Source code for smarter.lib.django.middleware.sensitive_files

"""This module is used to suppress DisallowedHost exception and return HttpResponseForbidden instead."""

import fnmatch
import logging
import re
import urllib.parse

from django.http import HttpResponseForbidden

from smarter.common.conf import smarter_settings
from smarter.common.const import SMARTER_CUSTOMER_SUPPORT_EMAIL
from smarter.common.helpers.console_helpers import formatted_text
from smarter.common.mixins import SmarterMiddlewareMixin
from smarter.lib.cache import cache_results
from smarter.lib.cache import lazy_cache as cache
from smarter.lib.django import waffle
from smarter.lib.django.waffle import SmarterWaffleSwitches
from smarter.lib.logging import WaffleSwitchedLoggerWrapper


# pylint: disable=unused-argument
def should_log(level):
    """Check if logging should be done based on the waffle switch."""
    return waffle.switch_is_active(SmarterWaffleSwitches.MIDDLEWARE_LOGGING)

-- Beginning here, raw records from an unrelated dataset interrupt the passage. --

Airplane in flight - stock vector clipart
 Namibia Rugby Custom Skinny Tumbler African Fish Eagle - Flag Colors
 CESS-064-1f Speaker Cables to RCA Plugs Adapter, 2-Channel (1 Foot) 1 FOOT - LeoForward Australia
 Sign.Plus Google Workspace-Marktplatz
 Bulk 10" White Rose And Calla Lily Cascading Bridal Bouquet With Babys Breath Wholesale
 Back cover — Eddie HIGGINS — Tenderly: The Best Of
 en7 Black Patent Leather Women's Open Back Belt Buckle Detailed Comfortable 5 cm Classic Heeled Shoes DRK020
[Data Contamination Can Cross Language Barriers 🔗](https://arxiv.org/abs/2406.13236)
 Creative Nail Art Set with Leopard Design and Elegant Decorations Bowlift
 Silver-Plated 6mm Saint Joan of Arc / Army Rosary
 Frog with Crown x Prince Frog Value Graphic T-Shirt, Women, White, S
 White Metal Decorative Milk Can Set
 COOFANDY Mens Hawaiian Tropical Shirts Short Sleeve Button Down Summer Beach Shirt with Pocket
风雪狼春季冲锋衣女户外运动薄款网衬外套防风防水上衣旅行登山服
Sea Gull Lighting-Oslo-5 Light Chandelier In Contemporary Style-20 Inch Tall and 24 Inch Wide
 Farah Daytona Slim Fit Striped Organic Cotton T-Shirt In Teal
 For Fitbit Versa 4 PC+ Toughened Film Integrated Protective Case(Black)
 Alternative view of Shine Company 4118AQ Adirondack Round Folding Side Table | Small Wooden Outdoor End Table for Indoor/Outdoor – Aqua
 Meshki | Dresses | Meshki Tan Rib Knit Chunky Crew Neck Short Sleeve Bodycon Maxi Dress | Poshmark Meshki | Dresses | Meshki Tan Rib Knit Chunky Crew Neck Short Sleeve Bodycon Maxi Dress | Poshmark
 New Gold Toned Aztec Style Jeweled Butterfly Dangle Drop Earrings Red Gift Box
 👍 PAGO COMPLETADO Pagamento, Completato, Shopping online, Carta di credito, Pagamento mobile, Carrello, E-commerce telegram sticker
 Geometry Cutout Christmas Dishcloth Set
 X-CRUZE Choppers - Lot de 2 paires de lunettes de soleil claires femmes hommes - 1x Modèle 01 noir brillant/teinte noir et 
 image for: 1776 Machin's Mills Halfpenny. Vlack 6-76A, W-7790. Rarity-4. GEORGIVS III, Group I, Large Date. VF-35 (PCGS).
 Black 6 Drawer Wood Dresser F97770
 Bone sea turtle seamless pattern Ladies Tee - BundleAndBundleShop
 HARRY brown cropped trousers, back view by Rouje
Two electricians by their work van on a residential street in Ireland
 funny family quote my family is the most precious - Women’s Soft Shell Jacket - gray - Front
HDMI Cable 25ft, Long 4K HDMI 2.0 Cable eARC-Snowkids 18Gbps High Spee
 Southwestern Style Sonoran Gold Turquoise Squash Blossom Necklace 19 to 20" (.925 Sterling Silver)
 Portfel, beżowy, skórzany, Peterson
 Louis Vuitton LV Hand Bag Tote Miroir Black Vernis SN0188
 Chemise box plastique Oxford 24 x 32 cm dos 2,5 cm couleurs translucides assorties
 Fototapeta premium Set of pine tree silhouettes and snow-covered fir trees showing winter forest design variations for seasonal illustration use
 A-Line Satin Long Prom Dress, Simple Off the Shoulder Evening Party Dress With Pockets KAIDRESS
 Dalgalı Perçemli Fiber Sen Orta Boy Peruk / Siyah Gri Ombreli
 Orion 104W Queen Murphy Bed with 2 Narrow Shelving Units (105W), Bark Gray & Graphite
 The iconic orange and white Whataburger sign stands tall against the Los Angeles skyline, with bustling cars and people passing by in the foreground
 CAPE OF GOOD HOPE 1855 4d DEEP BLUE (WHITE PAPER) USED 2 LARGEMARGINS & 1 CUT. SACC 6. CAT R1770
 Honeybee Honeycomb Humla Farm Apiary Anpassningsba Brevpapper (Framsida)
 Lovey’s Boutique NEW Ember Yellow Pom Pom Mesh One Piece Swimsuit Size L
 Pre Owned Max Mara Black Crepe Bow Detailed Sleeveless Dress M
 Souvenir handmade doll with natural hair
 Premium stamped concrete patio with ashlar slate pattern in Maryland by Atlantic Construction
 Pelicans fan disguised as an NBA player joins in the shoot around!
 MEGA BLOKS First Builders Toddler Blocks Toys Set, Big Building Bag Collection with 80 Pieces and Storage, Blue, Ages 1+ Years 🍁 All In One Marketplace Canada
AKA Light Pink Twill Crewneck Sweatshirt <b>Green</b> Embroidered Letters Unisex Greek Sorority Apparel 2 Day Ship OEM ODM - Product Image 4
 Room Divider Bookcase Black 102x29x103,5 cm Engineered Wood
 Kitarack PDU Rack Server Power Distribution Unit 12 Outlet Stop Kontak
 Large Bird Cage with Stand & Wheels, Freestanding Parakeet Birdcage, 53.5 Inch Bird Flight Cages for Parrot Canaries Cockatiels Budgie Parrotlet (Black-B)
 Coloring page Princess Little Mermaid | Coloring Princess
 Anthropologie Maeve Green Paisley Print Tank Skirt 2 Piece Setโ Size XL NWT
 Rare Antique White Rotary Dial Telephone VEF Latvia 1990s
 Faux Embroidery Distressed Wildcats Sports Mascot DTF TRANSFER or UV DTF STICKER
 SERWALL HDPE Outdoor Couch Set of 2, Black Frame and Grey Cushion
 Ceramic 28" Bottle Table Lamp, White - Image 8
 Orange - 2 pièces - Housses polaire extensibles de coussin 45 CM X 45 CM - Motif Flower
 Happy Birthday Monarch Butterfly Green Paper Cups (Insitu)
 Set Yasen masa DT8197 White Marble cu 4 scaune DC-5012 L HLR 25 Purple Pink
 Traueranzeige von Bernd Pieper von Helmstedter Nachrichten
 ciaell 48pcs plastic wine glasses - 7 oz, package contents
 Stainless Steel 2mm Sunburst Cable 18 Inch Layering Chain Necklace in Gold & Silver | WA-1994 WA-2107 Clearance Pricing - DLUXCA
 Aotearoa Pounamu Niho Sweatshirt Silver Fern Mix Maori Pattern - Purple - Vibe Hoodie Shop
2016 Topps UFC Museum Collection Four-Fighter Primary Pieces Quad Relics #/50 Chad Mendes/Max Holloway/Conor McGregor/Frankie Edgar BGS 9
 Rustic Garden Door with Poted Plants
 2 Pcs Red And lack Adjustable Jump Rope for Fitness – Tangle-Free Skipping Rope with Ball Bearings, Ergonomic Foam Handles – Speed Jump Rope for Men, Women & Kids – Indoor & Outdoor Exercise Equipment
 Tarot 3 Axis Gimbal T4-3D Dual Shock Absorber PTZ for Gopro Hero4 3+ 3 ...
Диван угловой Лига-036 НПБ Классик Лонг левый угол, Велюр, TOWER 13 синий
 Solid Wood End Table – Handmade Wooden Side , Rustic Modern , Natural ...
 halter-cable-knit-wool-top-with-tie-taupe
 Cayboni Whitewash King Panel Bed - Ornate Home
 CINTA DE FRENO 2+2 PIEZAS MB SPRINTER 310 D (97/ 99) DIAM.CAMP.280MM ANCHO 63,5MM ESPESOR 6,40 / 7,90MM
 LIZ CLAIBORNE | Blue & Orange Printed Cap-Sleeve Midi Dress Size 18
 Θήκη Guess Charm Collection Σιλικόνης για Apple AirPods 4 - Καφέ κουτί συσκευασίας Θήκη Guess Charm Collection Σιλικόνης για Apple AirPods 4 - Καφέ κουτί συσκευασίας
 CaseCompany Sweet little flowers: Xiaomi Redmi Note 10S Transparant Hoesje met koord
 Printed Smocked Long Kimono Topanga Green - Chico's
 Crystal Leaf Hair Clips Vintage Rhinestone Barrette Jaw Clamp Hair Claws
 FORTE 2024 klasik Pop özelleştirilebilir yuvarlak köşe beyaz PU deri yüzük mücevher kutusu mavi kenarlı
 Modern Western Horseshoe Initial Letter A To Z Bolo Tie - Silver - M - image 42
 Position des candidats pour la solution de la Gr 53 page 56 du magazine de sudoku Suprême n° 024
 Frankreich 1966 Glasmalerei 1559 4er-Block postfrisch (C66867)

base_logger = logging.getLogger(__name__)
logger = WaffleSwitchedLoggerWrapper(base_logger, should_log)

logger.debug("Loading %s", formatted_text(__name__ + ".SmarterBlockSensitiveFilesMiddleware"))

ALLOWED_PATTERNS = [re.compile(pattern) for pattern in smarter_settings.sensitive_files_amnesty_patterns]
SENSITIVE_FILES = list(
    {
        ".env",
        "config.php",
        "wp-config.php",
        "settings.py",
        ".bak",
        "backup.sql",
        ".tmp",
        ".swp",
        ".git",
        ".svn",
        "id_rsa",
        "id_dsa",
        ".DS_Store",
        "login.action",
        ".vscode",
        "info.php",
        "phpinfo.php",
        "php.ini",
        "phpmyadmin",
        "pma",
        "mysql",
        "db",
        "database",
        "backup",
        "dump",
        "sql",
        "sqlite",
        "mssql",
        "oracle",
        "postgres",
        "postgresql",
        "db.sqlite",
        "db.sqlite3",
        "db.mssql",
        "db.oracle",
        "db.postgres",
        "db.postgresql",
        "db.mysql",
        "db.sql",
        "composer.json",
        "composer.lock",
        "package.json",
        "package-lock.json",
        "yarn.lock",
        "Gemfile",
        "Gemfile.lock",
        "Pipfile",
        "Pipfile.lock",
        "requirements.txt",
        "credentials.json",
        "secrets.json",
        "*.pem",
        "*.key",
        "*.crt",
        "*.cer",
        "*.p12",
        "*.pfx",
        "*.jks",
        "*.keystore",
        "*.env.local",
        "*.env.development",
        "*.env.production",
        "*.env.test",
        "*.env.qa",
        "*.env.staging",
        "*.env.*",
        "*.bak",
        "*.tmp",
        "*.swp",
        "*.log",
        "*.pid",
        "*.sock",
        "*.pid.lock",
        "*.pidfile",
        "ecp/Current/exporttool/microsoft.exchange.ediscovery.exporttool.application",
    }
)



[docs]
class SmarterBlockSensitiveFilesMiddleware(SmarterMiddlewareMixin):
    """
    Middleware to return HttpResponseForbidden for common sensitive files, regardless of whether these
    do or do not exist. This is a countermeasure against simple, brute-force attacks
    and automated 'bot' clients probing for sensitive files. This middleware works from a static list
    of common sensitive files and patterns, returning a 403 Forbidden response for requests matching these files.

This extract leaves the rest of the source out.